Commonwealth Journal

News Live

June 3, 2014

U of L President addresses Chamber

Somerset —

The president of University of Louisville says Kentucky has not completely recovered from the Great Recession that officially lasted from December 2007 to June 2009 and “ ... when people are not working it affects the state budget.”
Dr. James Ramsey, speaking to the June membership meeting of Somerset-Pulaski County Chamber of Commerce, pointed out that effects of the recession has challenged the state budget.
“Education can grow the economy and “ ... shouldn’t our priorities be on education, education, education, Ramsey emphasized, reaching a crescendo.” He displayed a chart showing vast differences in income by college graduates compared to those with less education.
“We’ve got lots of great students (at U of L) from Somerset,” Ramsey noted. Currently, 53 students from Pulaski County are attending U of L and 182 alumni reside here.
Ramsey gave the chamber group a brief history of the University of Louisville.
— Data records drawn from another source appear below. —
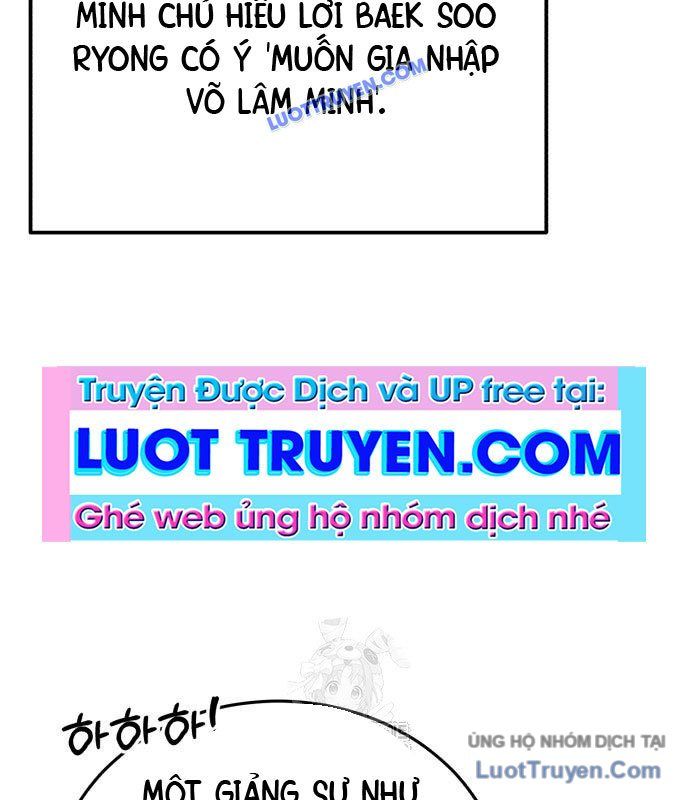 Đệ Nhất Võ Sư, Baek Cao Thủ Chap 141 - Next Chap 142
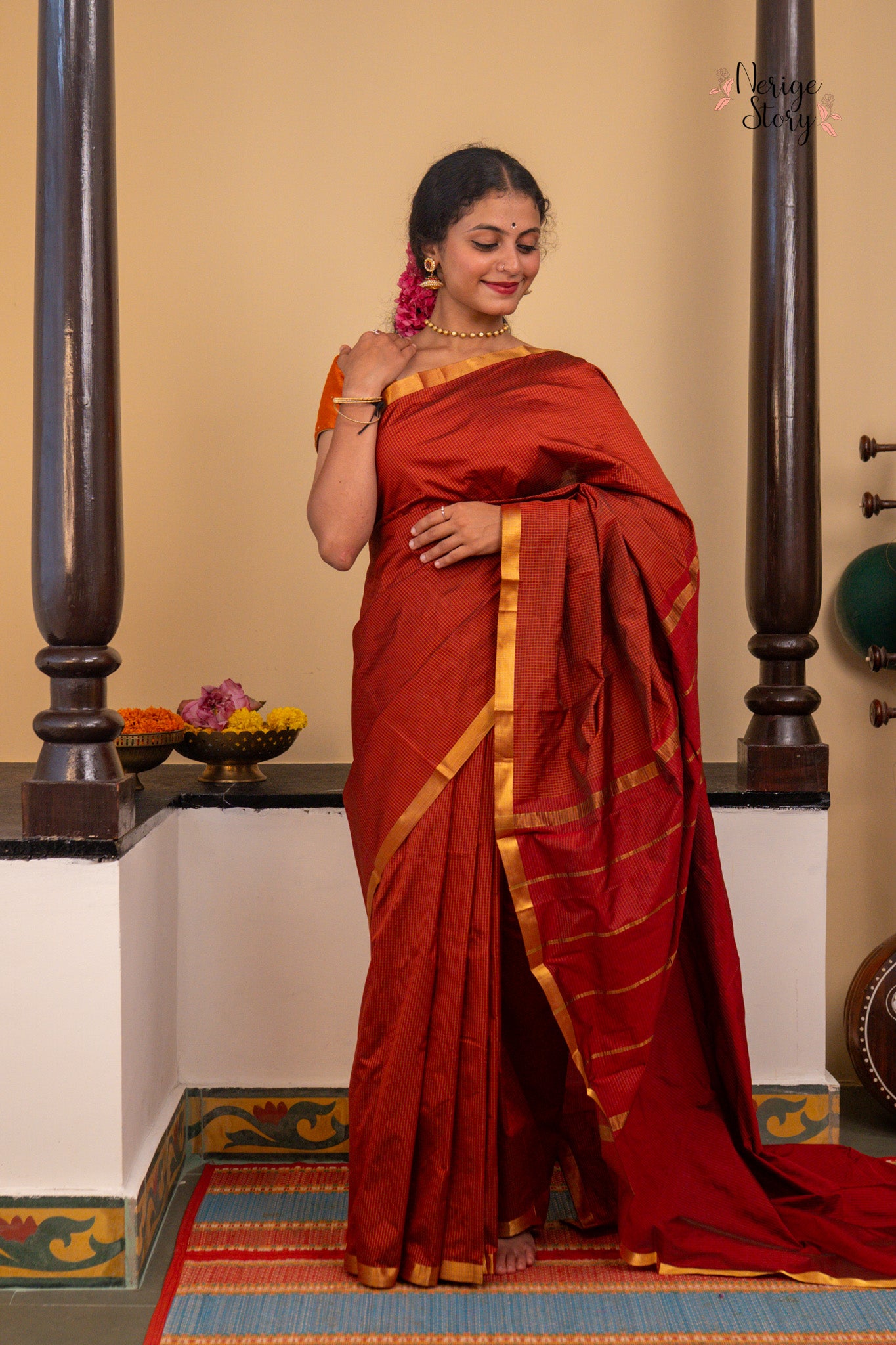 JANANI (ஜனனி)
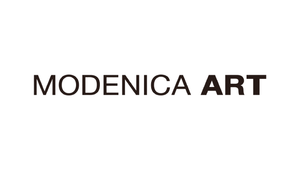 MODENICA ART ブランドロゴ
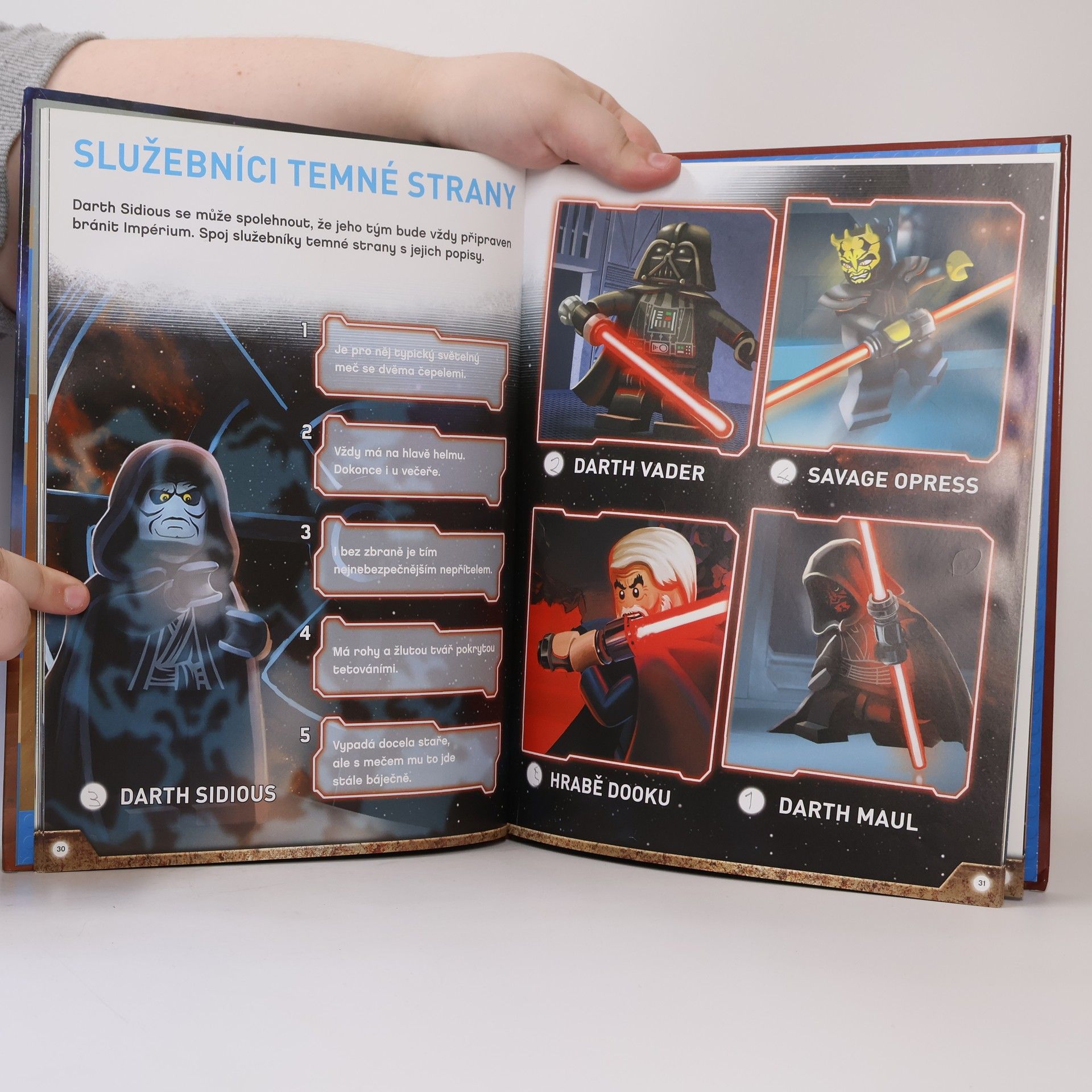 Auteurscollectief Lego Star Wars. Oficiální ročenka 2017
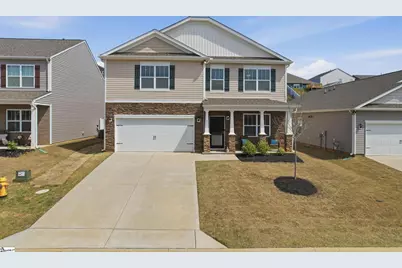 47 Oak Edge Lane, Greer, SC 29651 - Photo 1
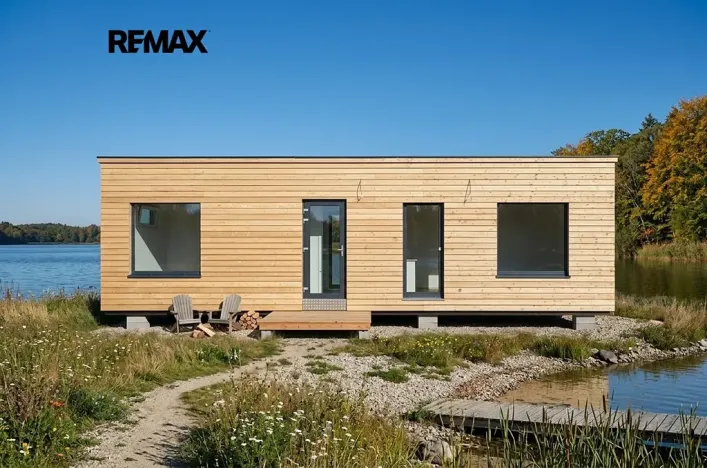 Prodej mobilheimu, Hradec Králové, Dvorská, 29 m2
He pointed out that on April 3, 1798, eight men declared their intention to establish Jefferson Seminary in Louisville and called upon their fellow citizens to join them in pledging funds for land, buildings, and teachers.  
Occurring a few weeks after the Kentucky legislature had chartered this academy and several others in the new state, this event marked the beginning of an advanced level of education for the young people of a frontier settlement barely two decades old.
Jefferson Seminary struggled. It did not open until the fall of 1813, and in 1829 it closed. The Louisville Medical Institute (LMI), chartered in 1833, opened in 1837, and the Louisville Collegiate Institute (LCI) was chartered the same year. In 1840 LCI was renamed Louisville College and in 1844 it inherited the portion of the estate of Jefferson Seminary designated for the use of higher education in Louisville.
LMI attracted large enrollments and prospered financially, but the college had difficulty remaining open. Proponents of grass roots democracy wanted to divert a portion of the medical school's resources to the college. They won a partial victory in 1846, when the Kentucky legislature created the University of Louisville proper, combining the medical school, the college, and a newly created law school.